(Data items)
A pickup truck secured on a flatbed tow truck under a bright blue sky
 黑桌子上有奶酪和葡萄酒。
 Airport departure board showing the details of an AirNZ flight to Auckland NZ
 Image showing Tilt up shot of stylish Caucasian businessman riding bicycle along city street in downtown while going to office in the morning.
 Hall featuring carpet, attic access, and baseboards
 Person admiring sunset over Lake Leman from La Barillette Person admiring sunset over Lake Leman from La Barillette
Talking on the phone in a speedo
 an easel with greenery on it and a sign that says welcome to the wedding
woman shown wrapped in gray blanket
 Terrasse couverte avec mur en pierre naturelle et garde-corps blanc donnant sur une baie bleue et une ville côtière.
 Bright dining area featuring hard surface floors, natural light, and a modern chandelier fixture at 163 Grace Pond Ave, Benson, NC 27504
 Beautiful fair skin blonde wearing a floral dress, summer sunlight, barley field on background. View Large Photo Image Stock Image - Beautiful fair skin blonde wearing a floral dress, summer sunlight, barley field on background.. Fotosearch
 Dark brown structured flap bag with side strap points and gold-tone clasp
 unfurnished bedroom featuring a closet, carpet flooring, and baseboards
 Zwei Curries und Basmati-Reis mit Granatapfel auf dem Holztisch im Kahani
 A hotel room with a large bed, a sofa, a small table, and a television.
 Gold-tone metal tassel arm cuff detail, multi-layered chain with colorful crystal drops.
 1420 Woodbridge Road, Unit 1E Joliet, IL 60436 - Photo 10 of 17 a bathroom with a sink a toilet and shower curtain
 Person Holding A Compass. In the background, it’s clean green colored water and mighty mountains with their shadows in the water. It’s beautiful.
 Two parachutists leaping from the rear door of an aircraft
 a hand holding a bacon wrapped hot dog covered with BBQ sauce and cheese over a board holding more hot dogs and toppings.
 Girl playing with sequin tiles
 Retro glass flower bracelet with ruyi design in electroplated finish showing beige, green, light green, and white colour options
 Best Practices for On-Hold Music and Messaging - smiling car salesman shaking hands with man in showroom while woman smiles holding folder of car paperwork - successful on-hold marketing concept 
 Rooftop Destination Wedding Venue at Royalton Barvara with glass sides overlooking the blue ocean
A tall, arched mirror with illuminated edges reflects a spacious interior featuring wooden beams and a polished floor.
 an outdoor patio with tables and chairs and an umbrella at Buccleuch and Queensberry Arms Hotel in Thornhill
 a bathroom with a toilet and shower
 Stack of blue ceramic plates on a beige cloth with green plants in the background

▶ **WHAT YOU HAVE TO DO**: Give only the lines from the one holding "A hotel room" through the one holding "Retro glass flower", each restated exactly as it appears above.

▶ **TASK RESULT**:
 A hotel room with a large bed, a sofa, a small table, and a television.
 Gold-tone metal tassel arm cuff detail, multi-layered chain with colorful crystal drops.
 1420 Woodbridge Road, Unit 1E Joliet, IL 60436 - Photo 10 of 17 a bathroom with a sink a toilet and shower curtain
 Person Holding A Compass. In the background, it’s clean green colored water and mighty mountains with their shadows in the water. It’s beautiful.
 Two parachutists leaping from the rear door of an aircraft
 a hand holding a bacon wrapped hot dog covered with BBQ sauce and cheese over a board holding more hot dogs and toppings.
 Girl playing with sequin tiles
 Retro glass flower bracelet with ruyi design in electroplated finish showing beige, green, light green, and white colour options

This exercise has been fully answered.